# A big perch...



## rhodes31072 (Feb 15, 2009)

for my pond at least.


----------



## Arrow3 (Feb 15, 2009)

That sir is a crappie..


----------



## DRB1313 (Feb 15, 2009)

Looks like a crappie to me! Nice one too.


----------



## Smokey (Feb 15, 2009)

DRB1313 said:


> Looks like a crappie to me! Nice one too.
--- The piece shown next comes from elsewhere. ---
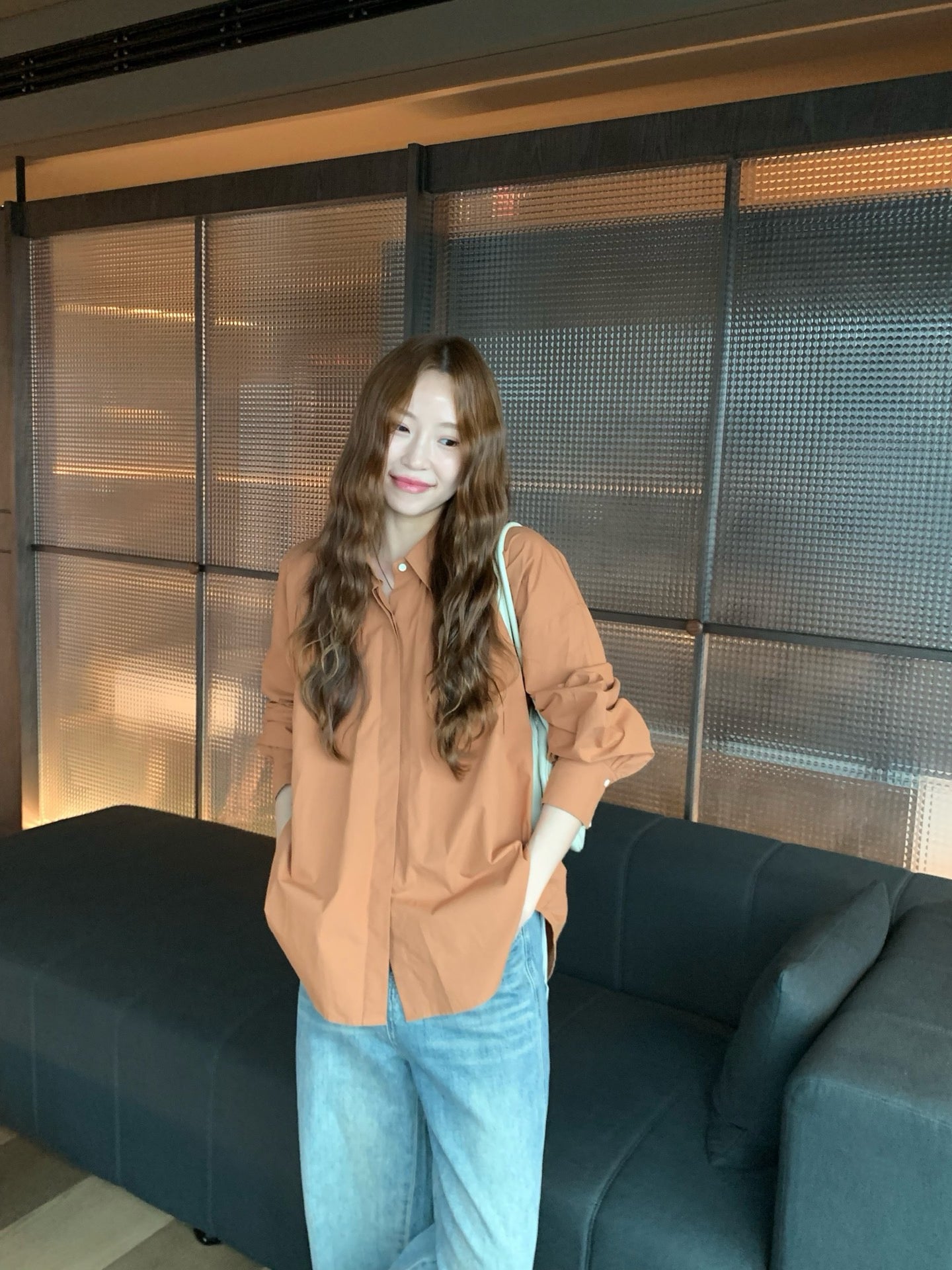 // 暗扣打褶設計側廓型鬆弛感簡約SH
Yep Crappie -- pronounced Crap - pee not Crop - pee

Nice catch.  I'd love to get into a mess of'em.


----------



## Hunter Haven (Feb 15, 2009)

two nice fillets on that one...


----------



## ButcherTony (Feb 15, 2009)

you not from around here are you son


----------



## hicktownboy (Feb 15, 2009)

perch... no
crappie... yes
dinner... mmm


----------



## rhodes31072 (Feb 15, 2009)

Fellas, fellas, fellas...i was born and bred here in south Georgia and if you come to wilcox county, that sir, is a perch.  Short for white perch for you urbanites.


----------



## Hoss (Feb 15, 2009)

Hey how bout nice fish.  

Hoss


----------



## stev (Feb 15, 2009)

black crappie
n.
An edible North American sunfish (Pomoxis nigromaculatus) having dark mottled coloring. Also called calico bass, strawberry bass.


----------



## Sultan of Slime (Feb 15, 2009)

Good'un!!


----------



## Arrow3 (Feb 15, 2009)

rhodes31072 said:


> Fellas, fellas, fellas...i was born and bred here in south Georgia and if you come to wilcox county, that sir, is a perch.  Short for white perch for you urbanites.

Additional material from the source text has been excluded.